I don’t think that livewire is designed to be fast. I saw a few sites made with laravel and livewire beeing pretty slow.

When you really care about speed then I would prefer to use Laravel/Livewire to design a nice backend for you/your client. And then build a nice frontend with plain blade or even a static site generator like https://github.com/tighten/jigsaw or https://www.gatsbyjs.com/. With gatsby (I know) - you get sites that deliver 100 points and full pwa in a Lighthouse test.

Hmm, quite interesting, I just got my new laptop yesterday and suddenly all the scores went up in Lighthouse… and they’re now in line with the scores of web.dev/measure.

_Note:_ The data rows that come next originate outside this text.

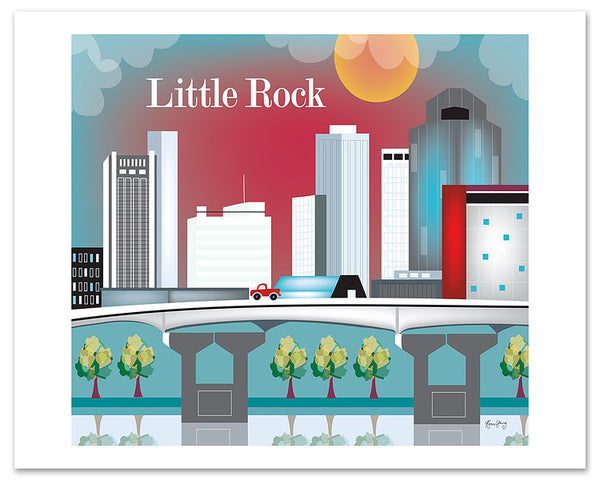 Little Rock art poster, large Little Rock posters, Karen Young Loose Petals Southern city art posters, Little Rock AK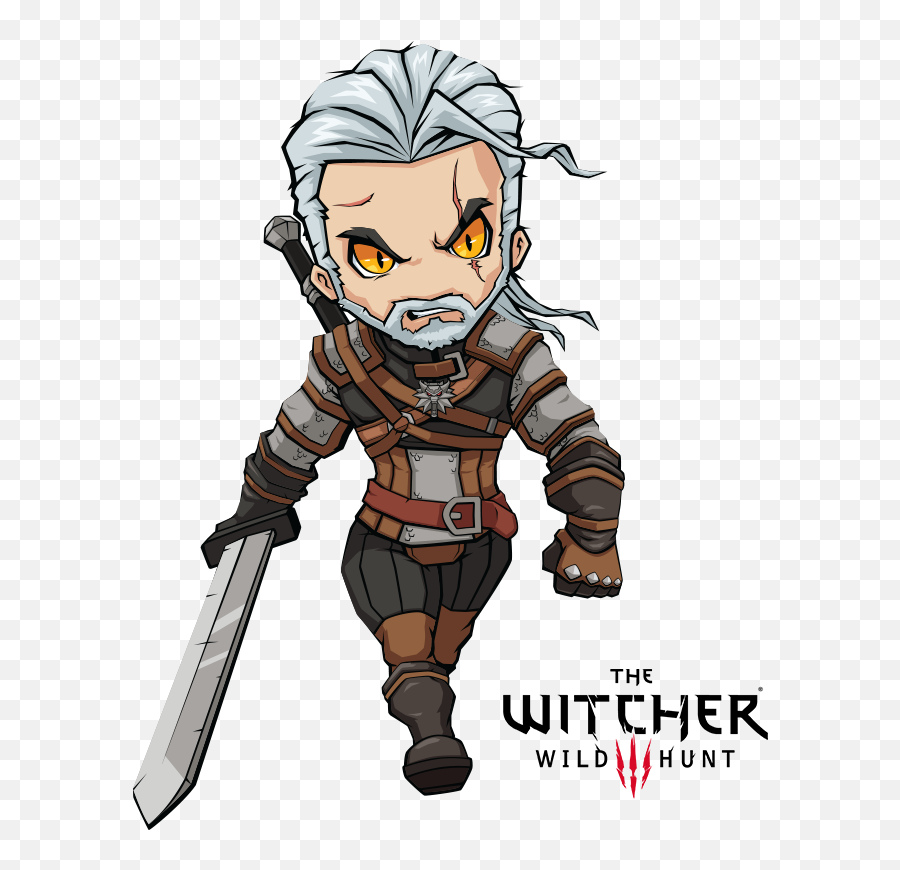 Download The Witcher Clipart Wild Hunt - Geralt De Rivia Cartoon Png,Witcher Png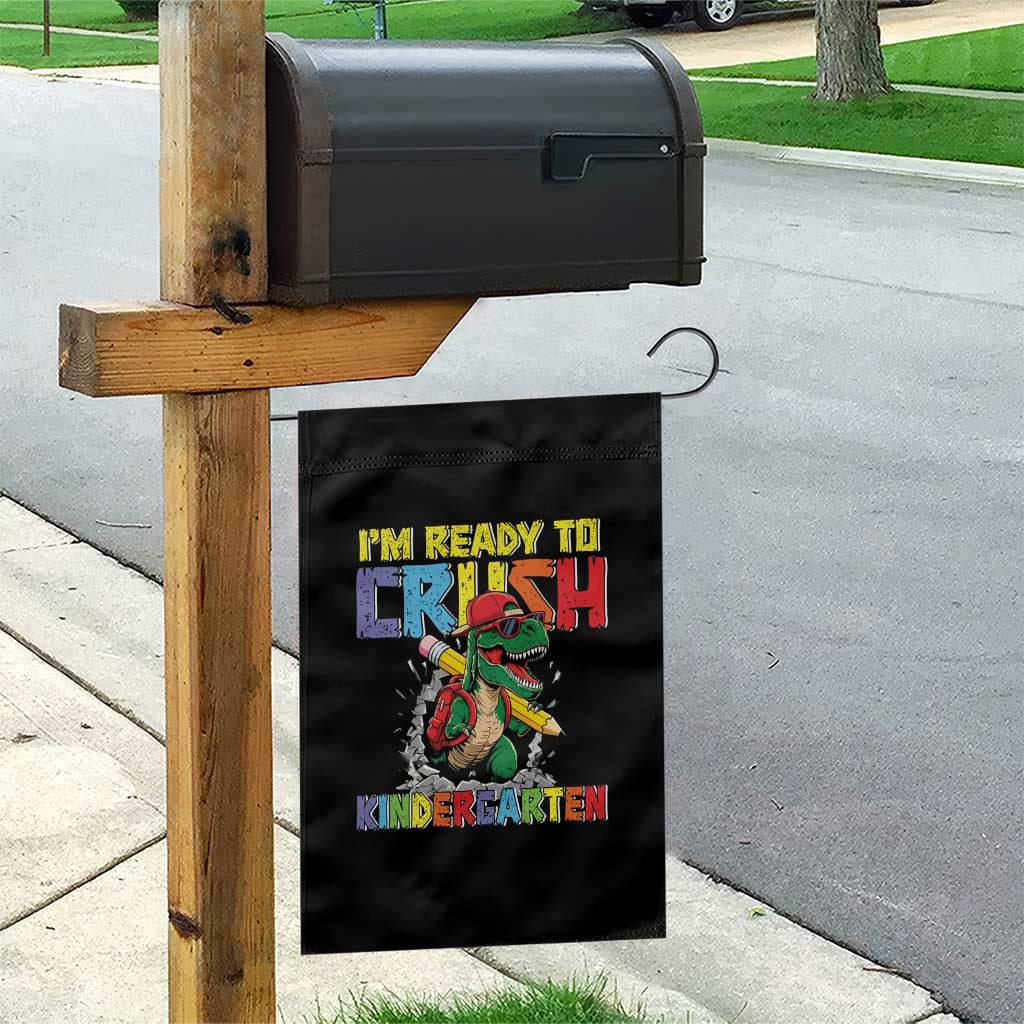 I'm Ready to Crush Pre-K Back to School T-Rex Dinosaur Garden Flag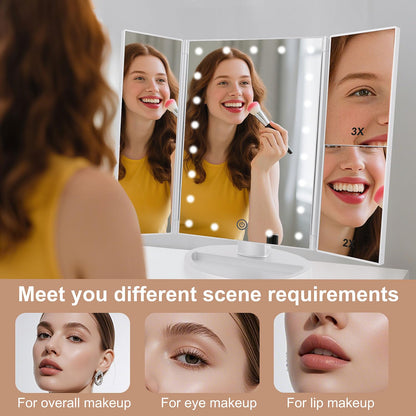 deweisn Dresser Mount Tri-Fold Lighted Vanity Mirror with 21 LED Lights, Touch Screen and 3X/2X/1X Magnification, Two Power Supply Modes Make Up Mirror,Travel Mirror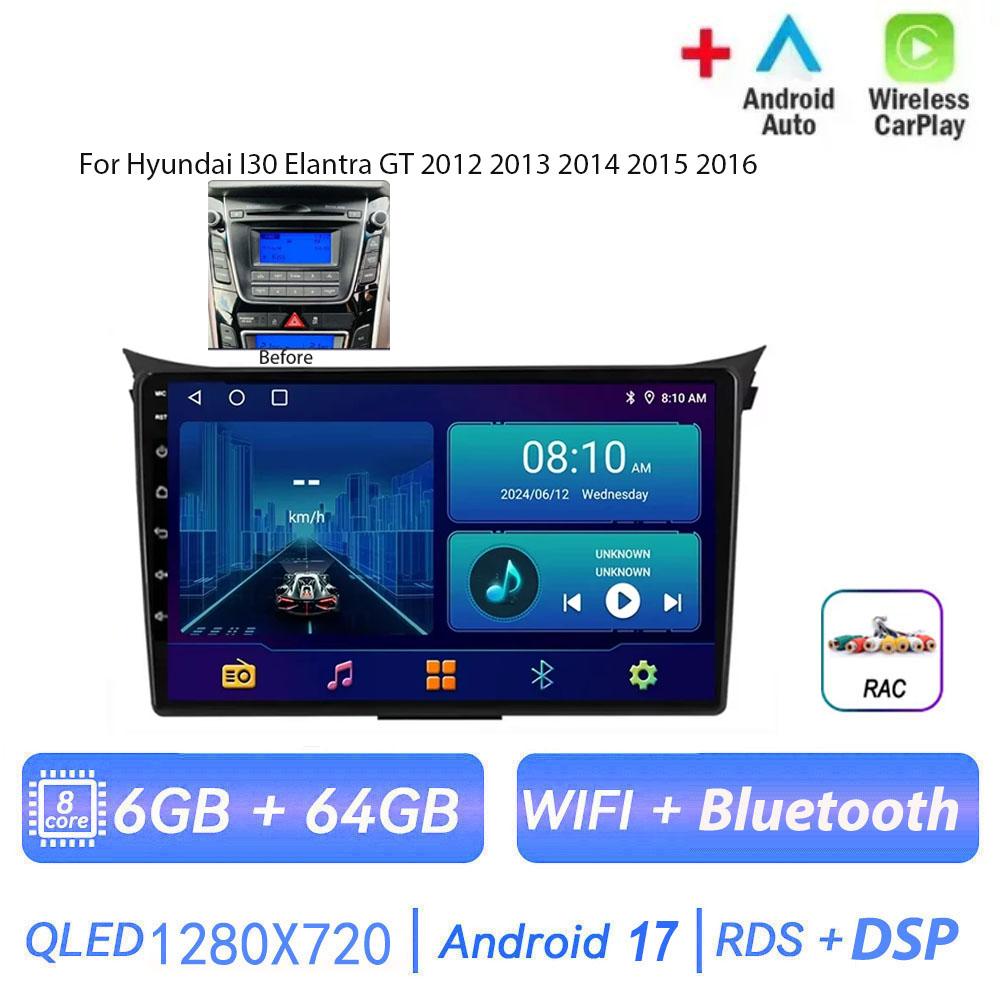 Autoradio Android 17 pour Hyundai I30 Elantra GT 2012 2013 2014 2015 2016 Carplay Auto GPS Navigation Lecteur Multimédia Stéréo 4G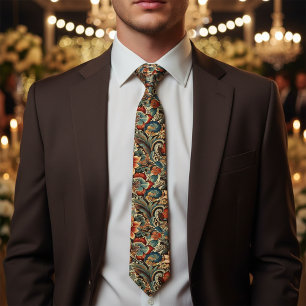 Mediaeval Antique Inspired Floral Motifs Tie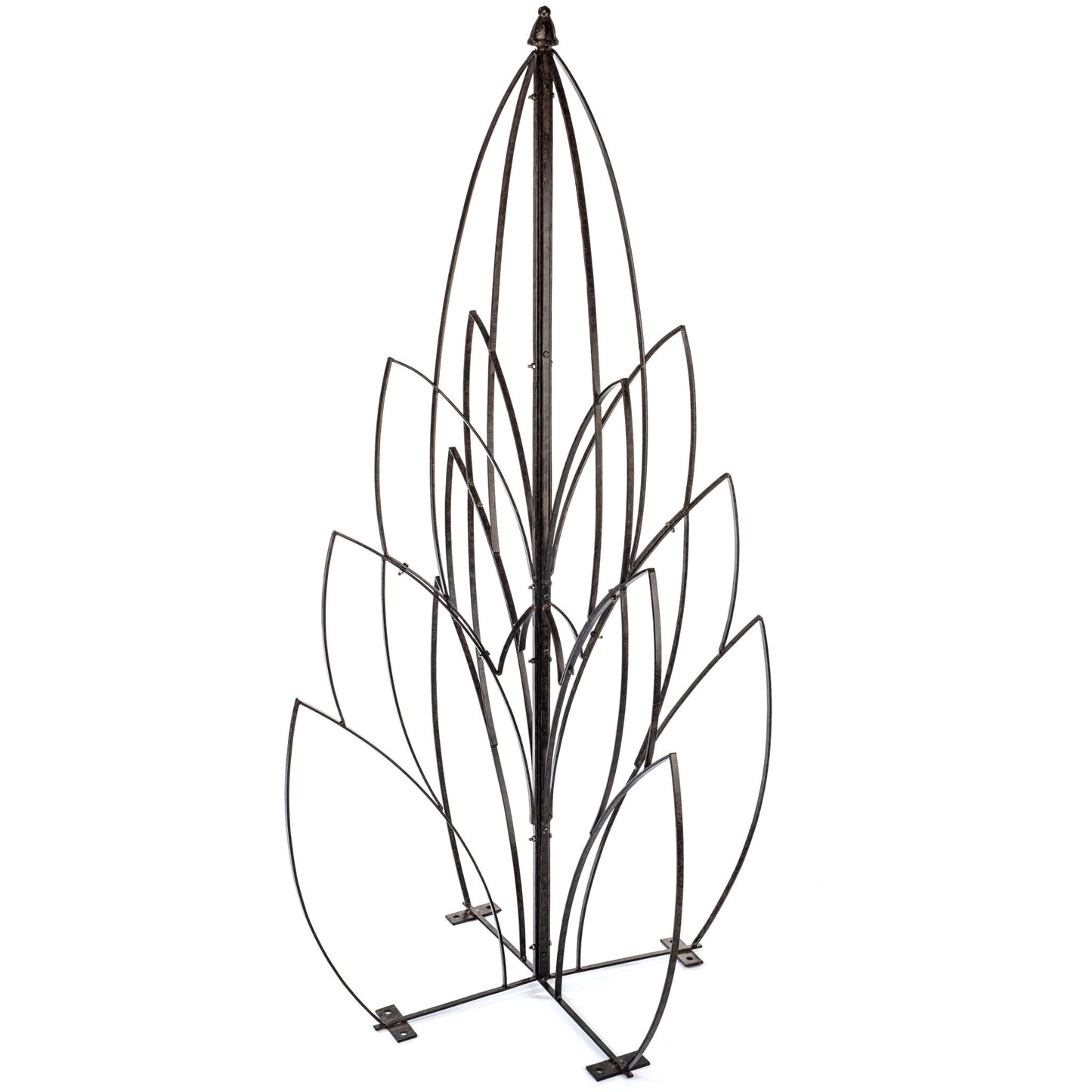 H Potter Lotus Bud garden trellis, metal yard art, freestanding in garden with lotus-bud design for backyard landscape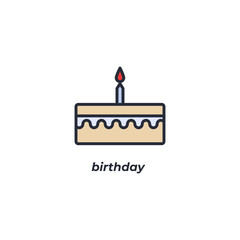 birthday vector icon. Colorful flat design vector illustration. Vector graphics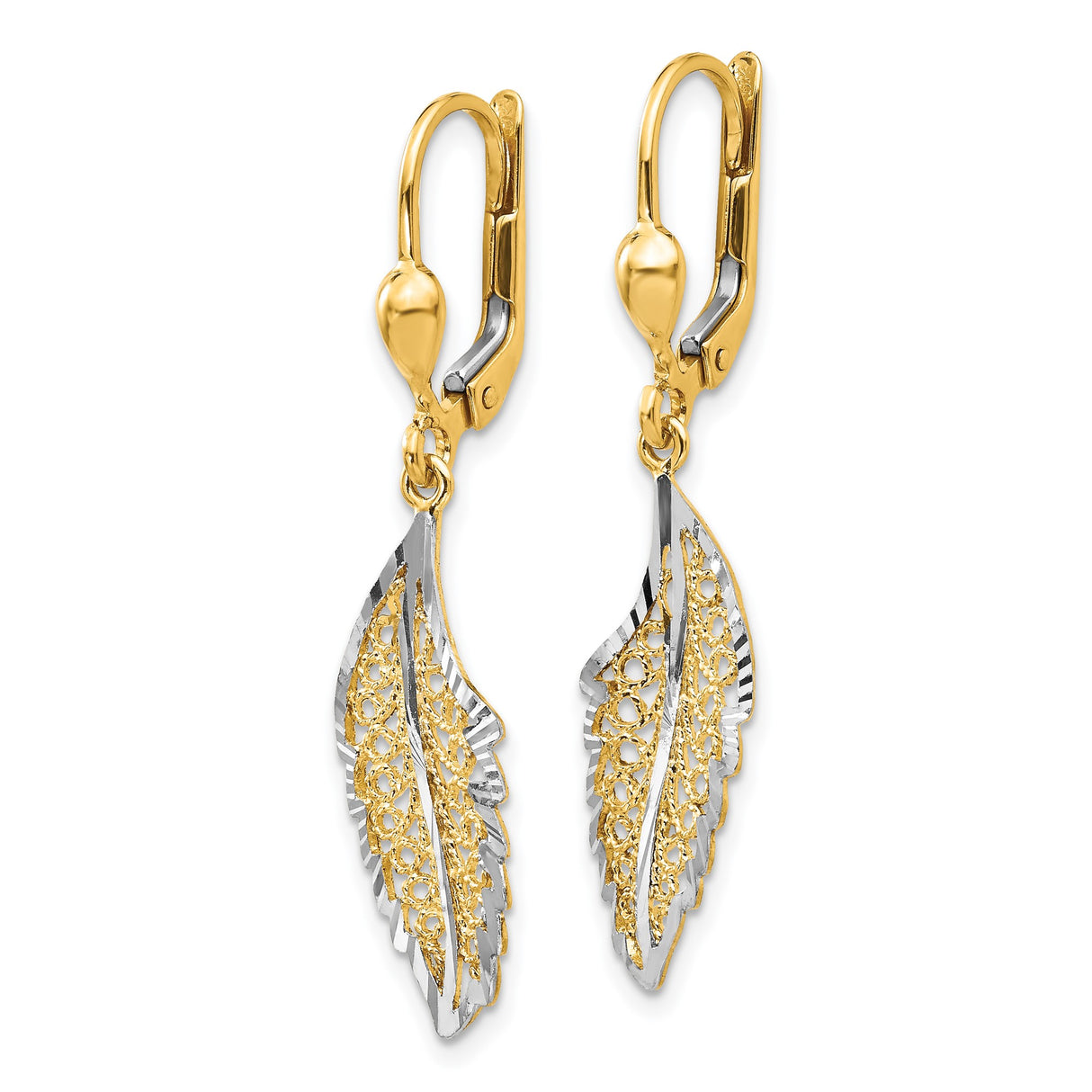 14k Yellow Gold Dangle Earrings with Filigree Leaf Design, Two-Tone Drop, Leverback Closure
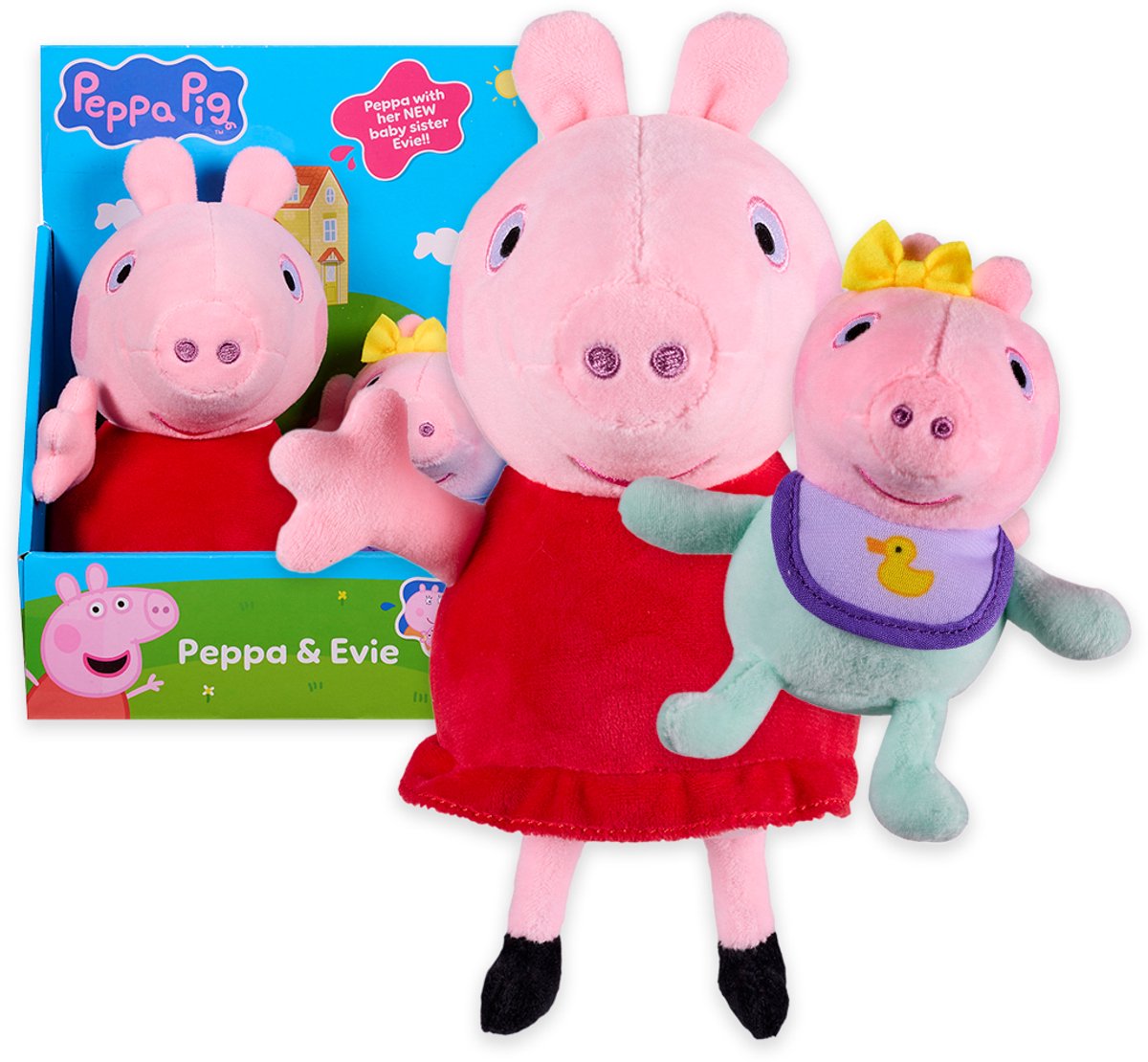 Character Options Peppa pig 2-delige knuffelset – peppa baby evie – zachte pluche knuffels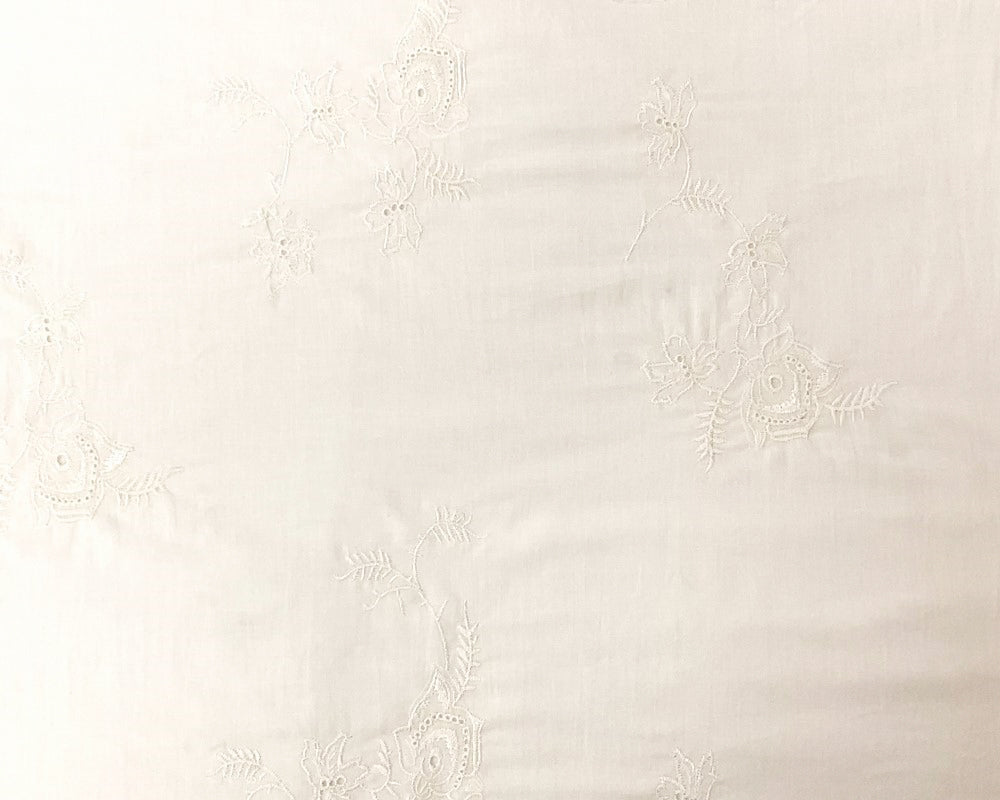 White Cotton Floral Embroidered Eyelet Voile Woven Fabric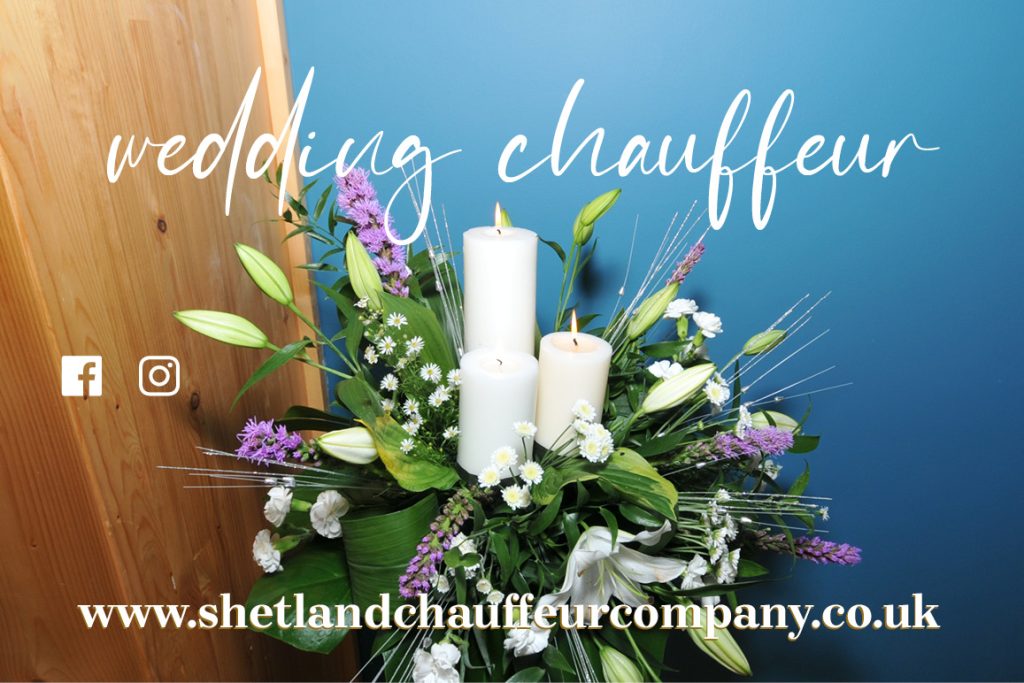 Shetland wedding limousine and chauffeur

I think my 2011 XPS 15 wasn’t fast enough to simulate a throttled down Moto 4G? :grimacing: :grimacing: My brand new XPS 15 is yielding excellent results, similar to web.dev/measure.

I guess livewire is very swift after all (-: Still interested in how the way Livewire alters the DOM is different from the way a virtual dom utilizing JS framework does and what that should mean on speed.

@Slowwie, thanks for your reply, Gatsby also looks interesting, though doesn’t offer the blazingly fast dev exp that Livewire does but if speed would still be a problem, I might’ve changed my mind.